Parliament Gardens is a small park in downtown Windhoek, Namibia. It is located between the Tintenpalast (Namibia's Parliament building) and the Christuskirche. It was laid out in 1932 and was originally called the Tintenpalast gardens, adopting its present name after Namibian independence in 1990.

Parliament Gardens contains Namibia's first post-independence monument: a bronze-cast statue of the Herero chief Hosea Kutako. Two other Namibian nationalists are also honoured with bronze statues in the gardens: Hendrik Samuel Witbooi and Theophilus Hamutumbangela. The three statues flank the steps up to parliament's main entrance. 

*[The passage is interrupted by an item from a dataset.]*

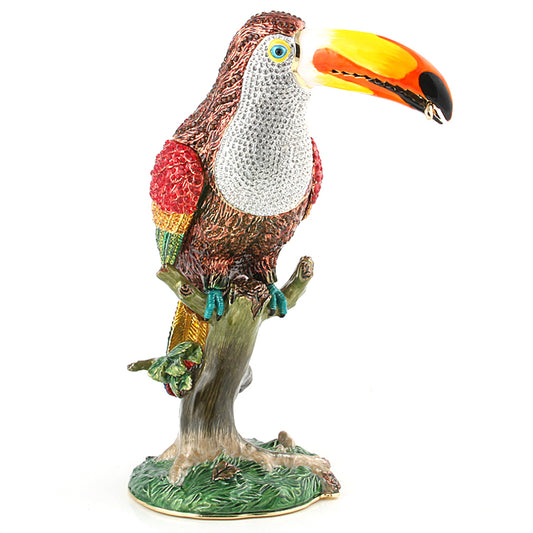 10.5" Tall Bejeweled Toucan Trinket Box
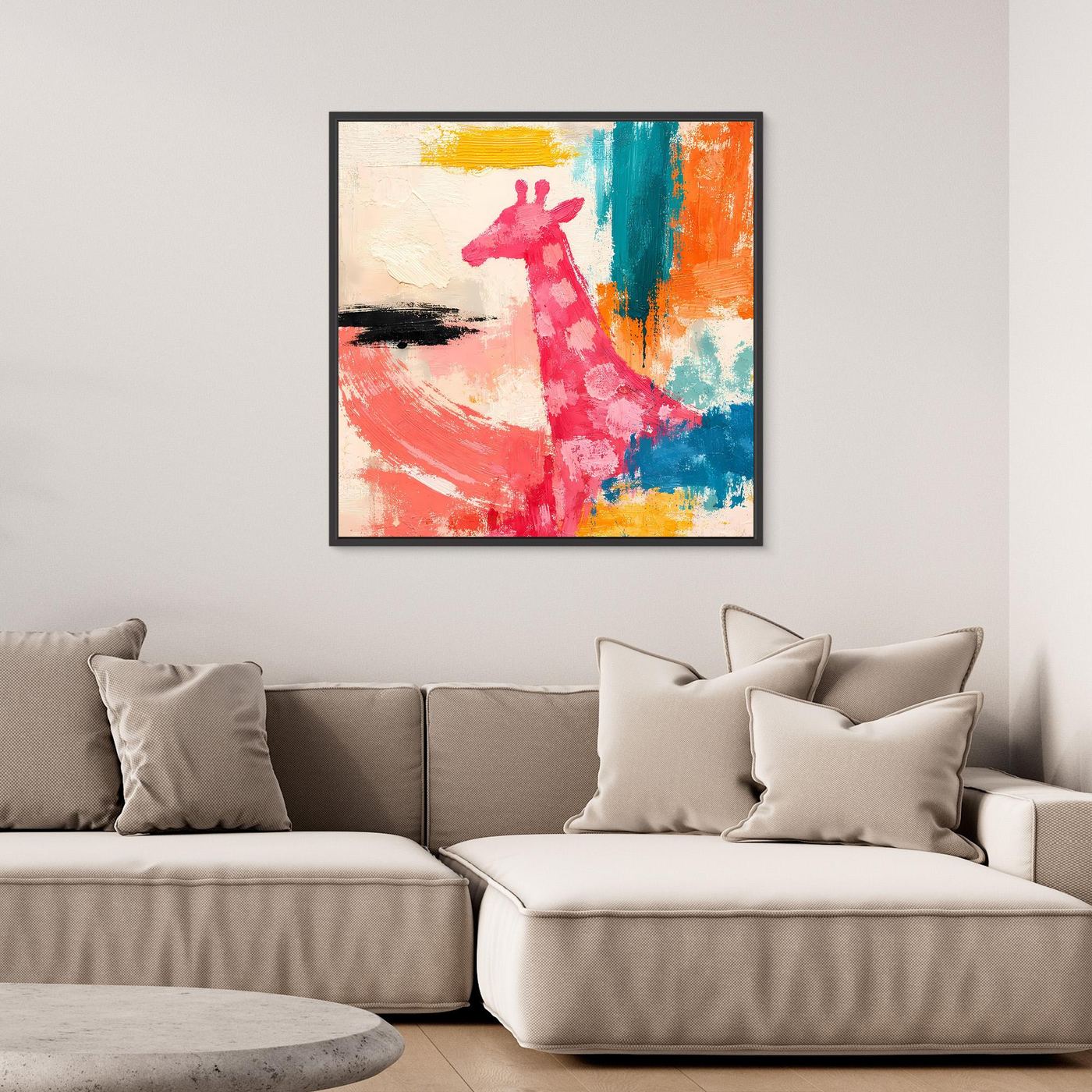 Gerahmtes Leinwandbild mit abstrakter Giraffe im Pop-Art-Stil, pinke Figur vor buntem Hintergrund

The gardens used to be an olive plantation, and still include an olive grove. They also contain a bowling green lined with bougainvilleas along with a thatched-roof clubhouse. Twice a month the gardens host "Theatre in the Park", run by the College of the Arts.

In 2016, the opening of the Namibian Parliament was held in the Parliament Gardens because of limited space in the Tintenpalast. Due to a change to the Constitution in 2014, the number of parliamentarians had increased significantly, and so joint sittings have to be held elsewhere.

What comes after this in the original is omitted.